I don’t remember much from our premarital counseling sessions before our wedding day, but the one point our pastor stressed repeatedly was to not allow the “molehills” of marriage to become mountains. I didn’t know what he was talking about then, but I do now. I can’t say I’ve done well with applying this truth, but I’m starting to understand it better 14 years into our marriage journey.
It’s wild how one minuscule petty argument can turn into a volcanic eruption. Minor offenses like towels left on the floor, what qualifies as expired food or not, missing car keys, annoying habits, miscommunication, forgetfulness, and more… all these examples have turned into mountains in our marriage at one point or another and made me think, Oh, our pastor was right!
I’ve had to stop in the heat of the moment, and ask myself, is this worth fighting over? Sometimes it’s not until after the eruption… but still… both of us have been guilty of gripping tightly to small offenses.
Proverbs 19:11 teaches us that it is to one’s glory to overlook an offense: “Good sense makes one slow to anger, and it is his glory to overlook an offense” (ESV).
There are some things worth being upset over in life, but there are many things that just aren’t worth it.
What if we were easily unoffended?
Because truth is, these minor offenses can all add up in our hearts and lead to bitterness and anger if we’re not careful.
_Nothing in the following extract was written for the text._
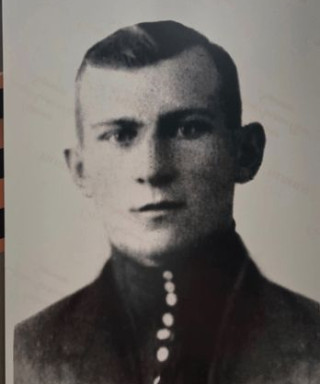 Лаврентьев Алексей Ефимович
Our hearts can grow callous, resentful, and too focused on our spouse instead of seeing the areas we need to work on.
There will always be an opportunity in your marriage to either dwell on the offense and get angry or to instead love, forgive, and move on. It’s not too late to ask for God’s help in being more patient with your spouse in the areas that drive you crazy. It’s never too late to choose forgiveness, regardless of your feelings.
If there’s a molehill in your marriage that’s become a mountain, is it worth jeopardizing the peace, joy, and oneness in your relationship? What steps can you take now to move towards a healthy relationship?
Forgive the minor offense as Jesus has so mercifully forgiven you.
Samantha Krieger is the author of Quiet Time: A 30-day Devotional Retreat for Moms in the Trenches. Her writing appears regularly on Her View From Home, TODAY Parenting, KirkCameron.com, and For the Family. Connect with her on Instagram and Facebook.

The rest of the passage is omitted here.